To decide when, how, and at what price to hold your online shows, you need to know your fanbase very well – are they still active on your social media? Are they still buying your music and merch and asking for a show? How many of them have been affected by the pandemic? Is your fanbase growing?
By being attuned to the requests and behavior of your fans, you will be able to ballpark their interest in online events from you. Your next step is to hold your first online concert and estimate the demand by testing it out.


After you hold your very first online show, it’s time to take a good look at the campaign.

How fast did your tickets sell? How was your first event received? How easy was it to sell the tickets and how much promotion did you do? What was the feedback? Did you get requests for more shows or any specific requests along the lines of please play this or that song or for a specific format/time zone for a future, etc.?

If your show went well and there were enough tickets sold to incentivize you to hold another event, it’s time to look at your options here.

What you have to offer, creatively

After you hold one or a handful of ticketed online streams, it’s time to get a game plan. Here, you have two main options – a weekly/biweekly recurring event or varying themes/formats/audiences.

The weekly or otherwise regular event is something that has first been adopted by online music streamers (often celebrity) who did not ticket their shows. One great example is UK’s disco queen Sophie Ellis-Bextor who held Kitchen Disco broadcasts every Friday on her Instagram for almost 3 months to cheer up her fans during the lockdown.

Latin-American band Los Soneros has been very successful with their Saturday show series as their fans tune in from all over the globe, although the band lives and works in London, making their in-person events not available to a large portion of their global fanbase.

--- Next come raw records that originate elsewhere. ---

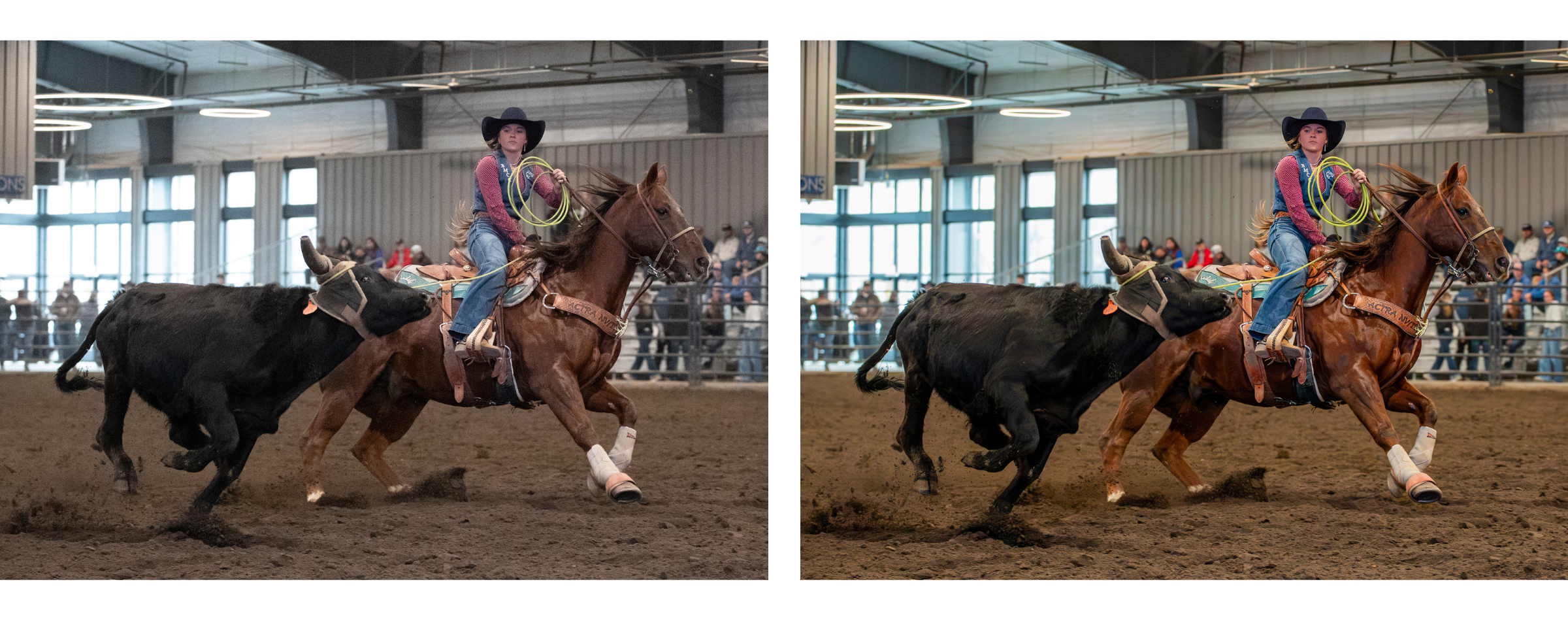 Indoor rodeo photograph before and after Lightroom editing.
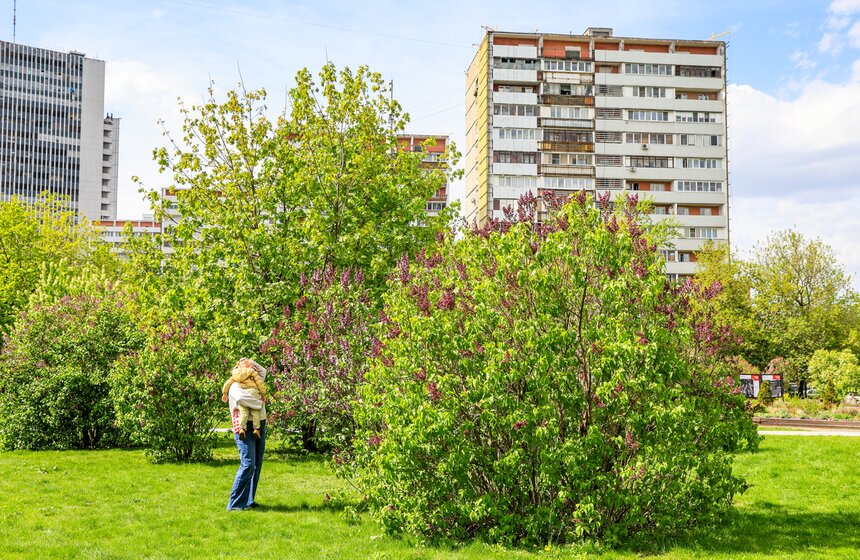 Сирень расцвела в Сиреневом саду на Щелковском шоссе 19 фото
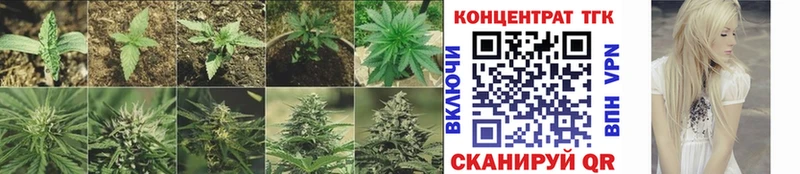 Дистиллят ТГК Wax купить наркоту Бодайбо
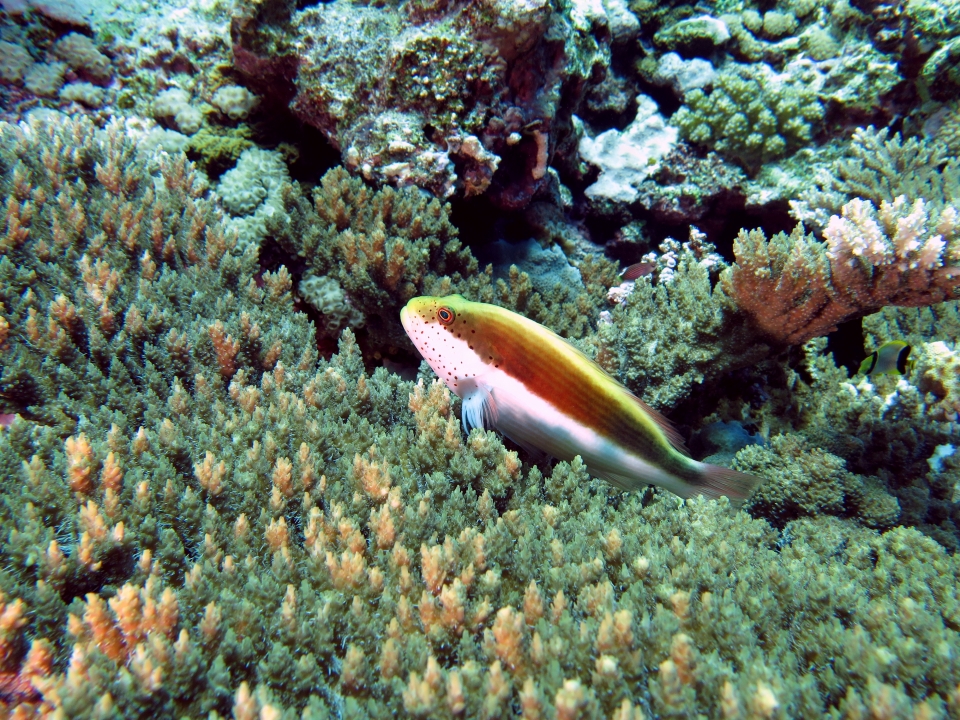 Paracirrhites forsteri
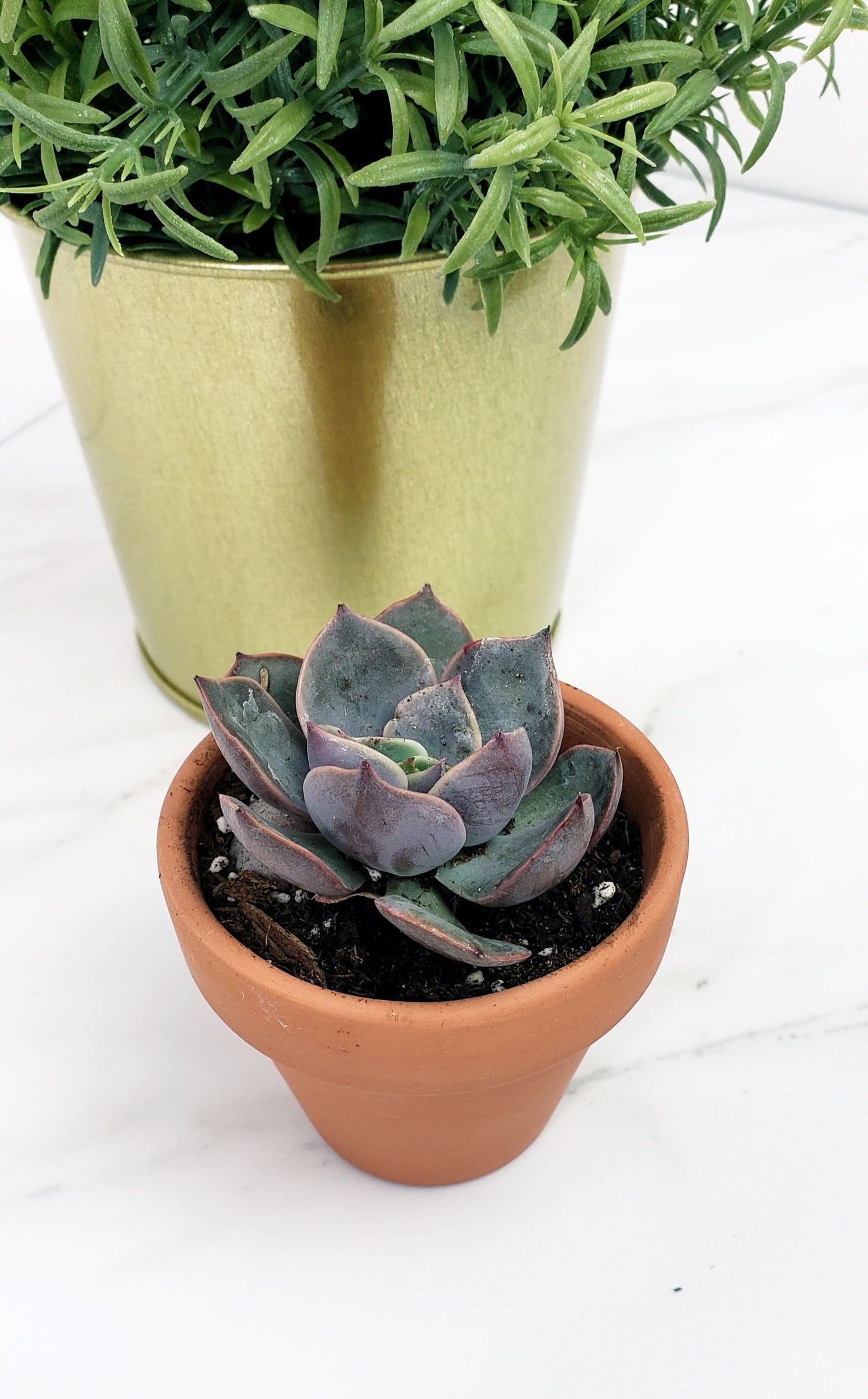 Single Succulent Gift Box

Mind you, whichever format you choose, playing the same old show week after week is going to stop working really fast, so you have to bring something new to the table with each of your shows. So if you can come up with new stuff for your every event, you should definitely hold that ticketed online show.

Audience segmentation

The second option arguably requires a little more creativity and promotion, but will be suitable for musicians and bands with a different type of audience. It’s shows that are themed differently, feature varying content and unique topics, are in diverse formats, are scheduled to suit different time zones, etc.

If your audience can easily be divided into sections according to their interests, geography/time zones, or even age groups, you should pick this direction and develop your live event concepts this way.

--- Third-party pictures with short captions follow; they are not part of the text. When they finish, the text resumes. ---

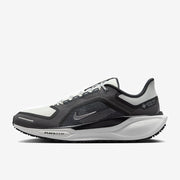 Nike Pegasus 41 GORE-TEX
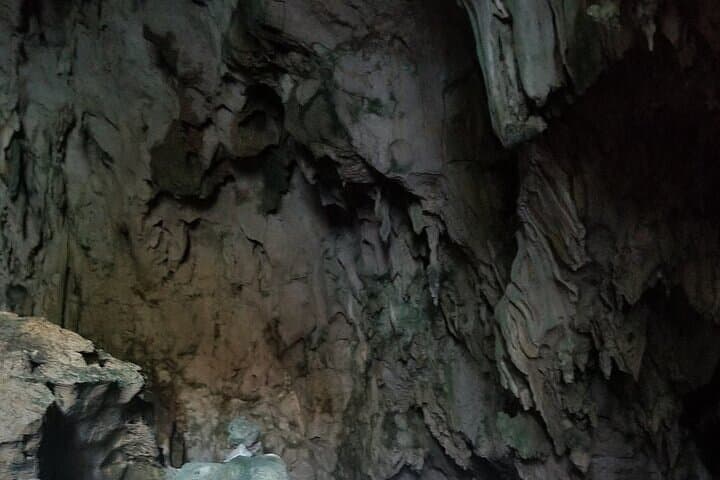 Full-Day Boat Tour of Los Haitises National Park from Punta Cana photo 5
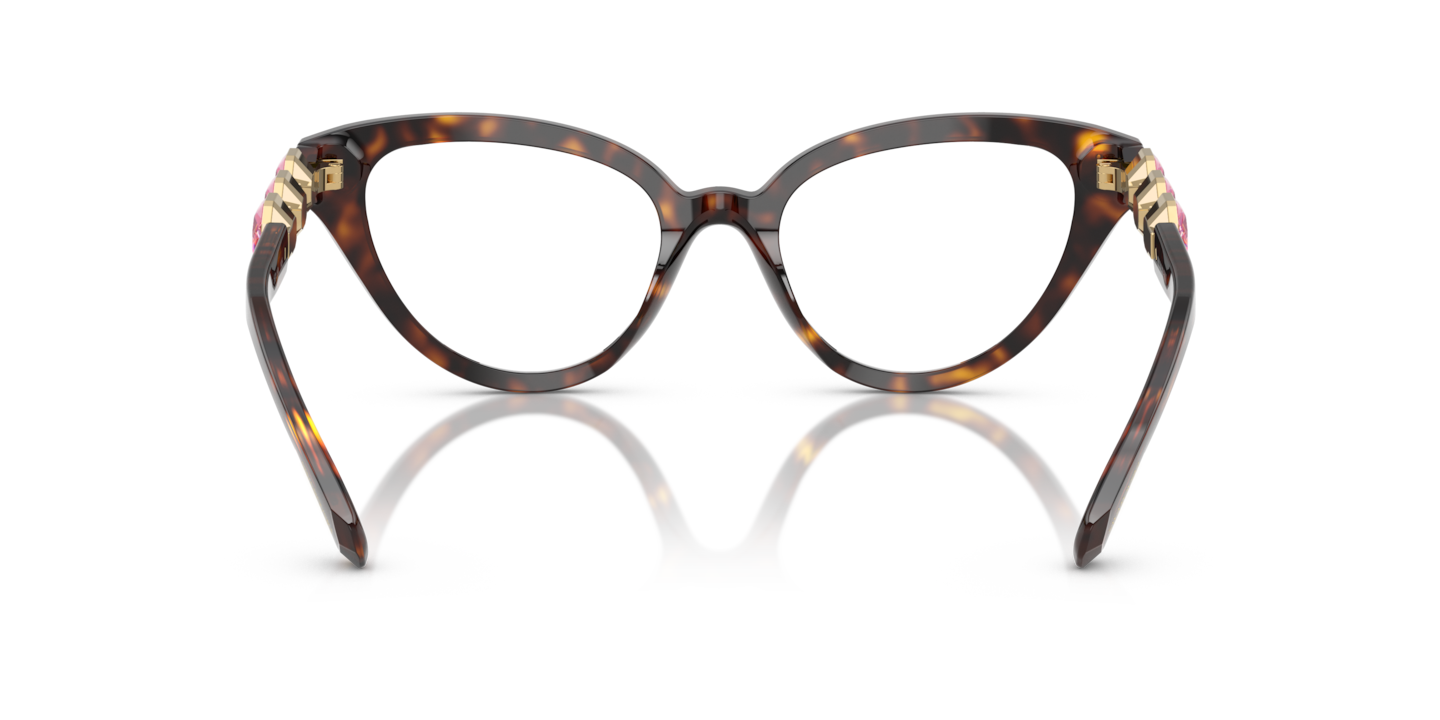 Eyeglasses Swarovski SK2028 | Free Shipping | Glasses.com®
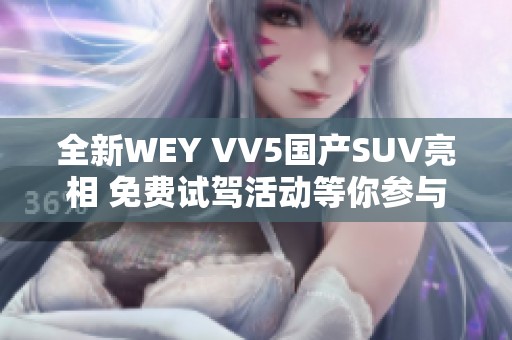 全新WEY VV5国产SUV亮相 免费试驾活动等你参与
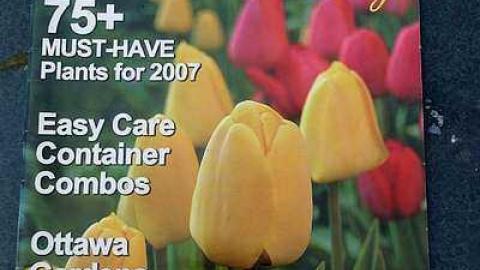 What Plant Where '17 - DSC09930.jpg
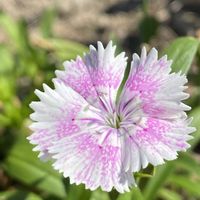 ナデシコ,ペンタス,鉢植えの画像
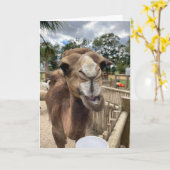 carte de voeux de chameau (bonjour là-bas) (Fleur jaune)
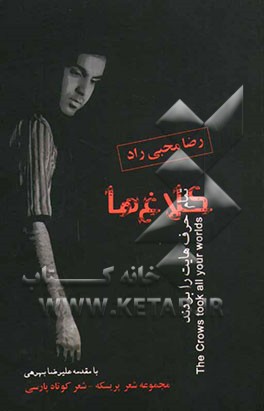 کلاغ‌ها حرف‌هایت را بردند= The crows took all your worlds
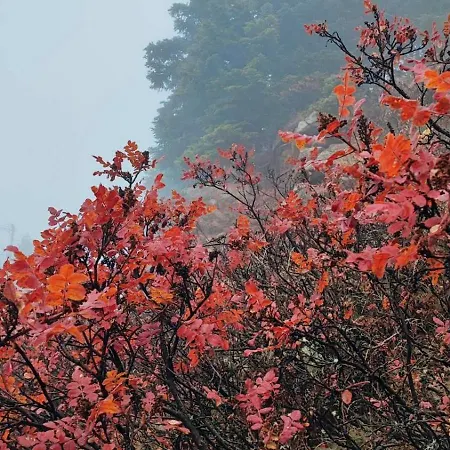 Tsigaridas Mountain Neokhorion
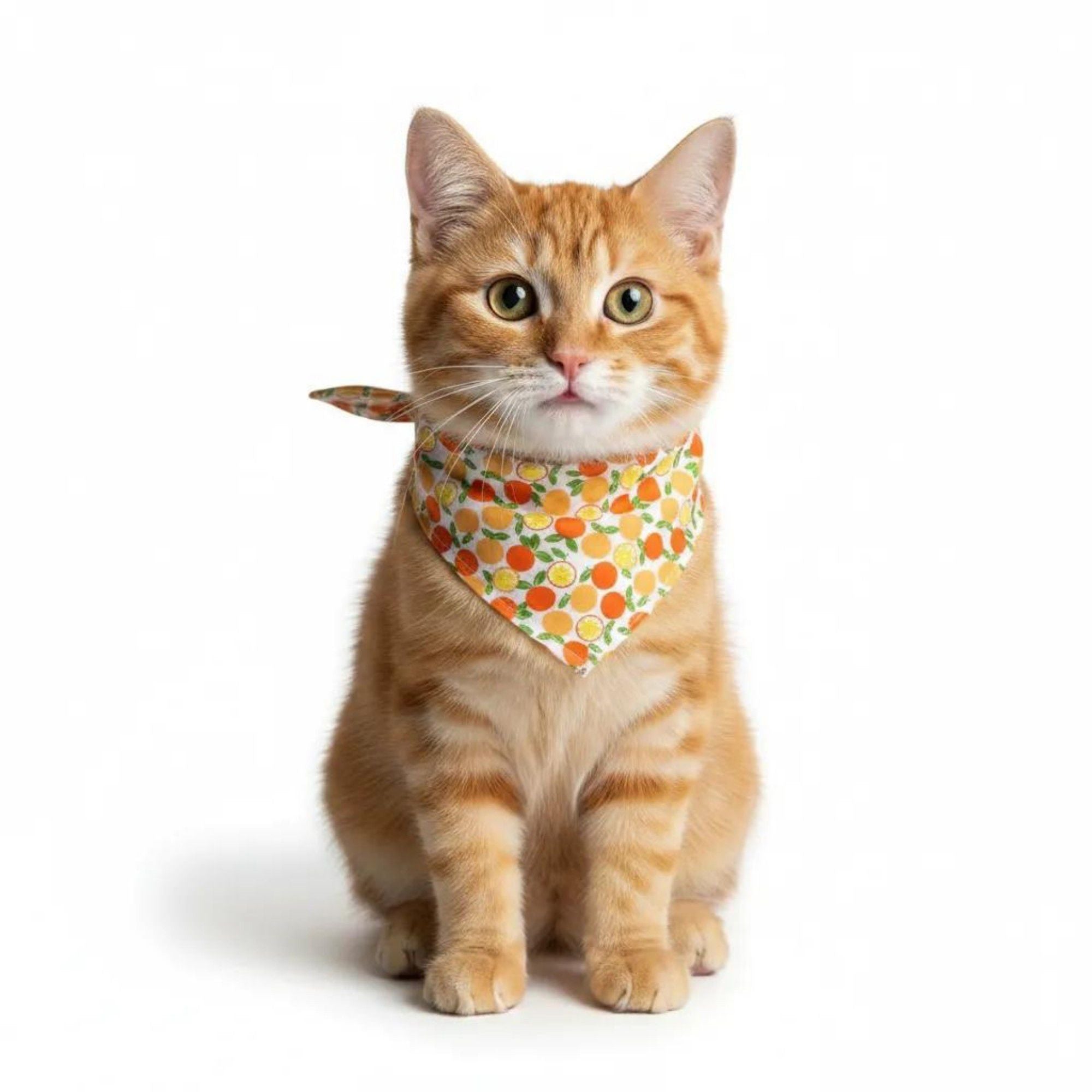 Fruit Print Pet Bandana, Soft Cotton Citrus Pattern Scarf Bib for Small Medium Dogs Cats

Think how segmented your audience is and if you can offer events that cater to their respective interests/time zones. Do you have clusters of fans in different regions/countries, are there age groups? If you can divide your fanbase in these niche groups and develop custom events to engage each of them, then you are a shoe-in for multiple successful events.


Another good reason to hold more online shows is tapping into new audiences.

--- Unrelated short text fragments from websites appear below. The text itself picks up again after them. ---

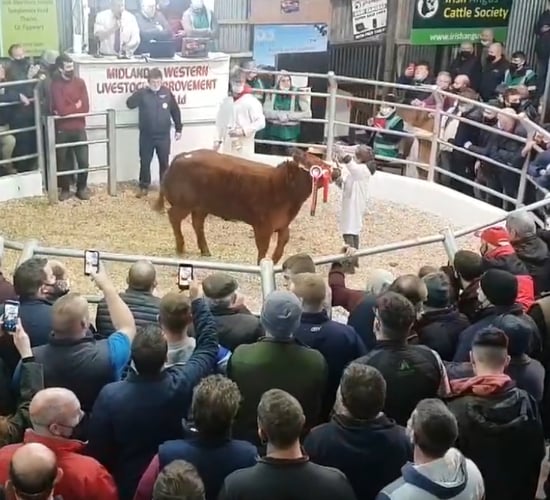 Limousin heifer makes 'record' €18,000 at Winter Fair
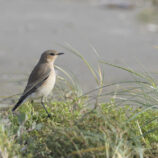 Steinschmätzer - Bild-Nr. Anke_50199L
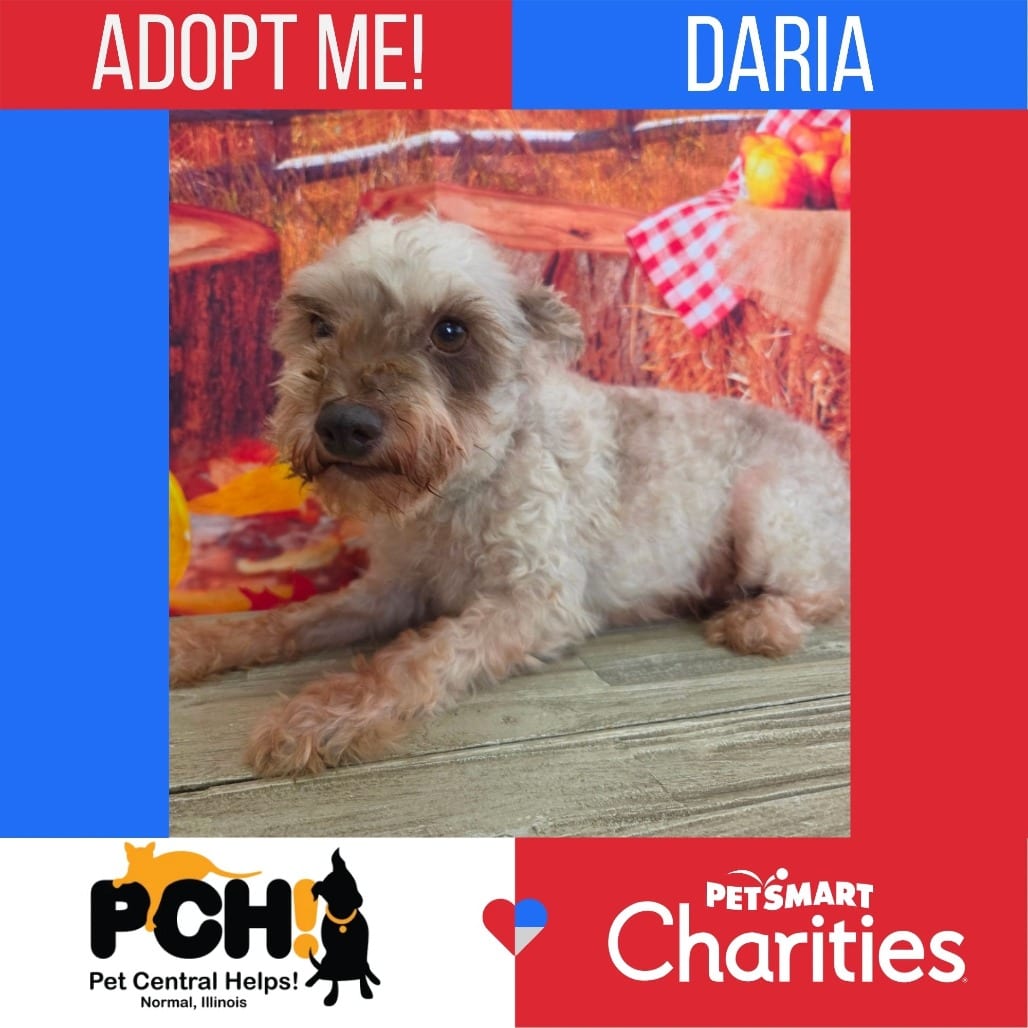 Photo of Daria, adoptable Schnauzer, Miniature in Normal, Illinois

If you can expand your reach with the help of partnerships with influencers, media, or with collabs, holding an event is a must.

Your fans who have already been to your online events might want to experience something new or meet your guest star, while partnering up with media, companies, or influencers with their own audiences who might not know you and will discover your art for the first time can not only add to ticket sales this one time, but expand your fanbase.

Partners can often help you with show promotion and marketing materials, which can make all the difference in ticket sales.

Final thoughts

The key to turning online concerts into one of the streams of income from your music is a combination of creativity and being attentive to your fans’ needs and requests, as well as working on growing your fanbase.

We hope that with our advice above and a little of your own trial and error, you’ll be able to figure out the best online concert pace for you. The one that will leave your fans and your bank account a little happier than before!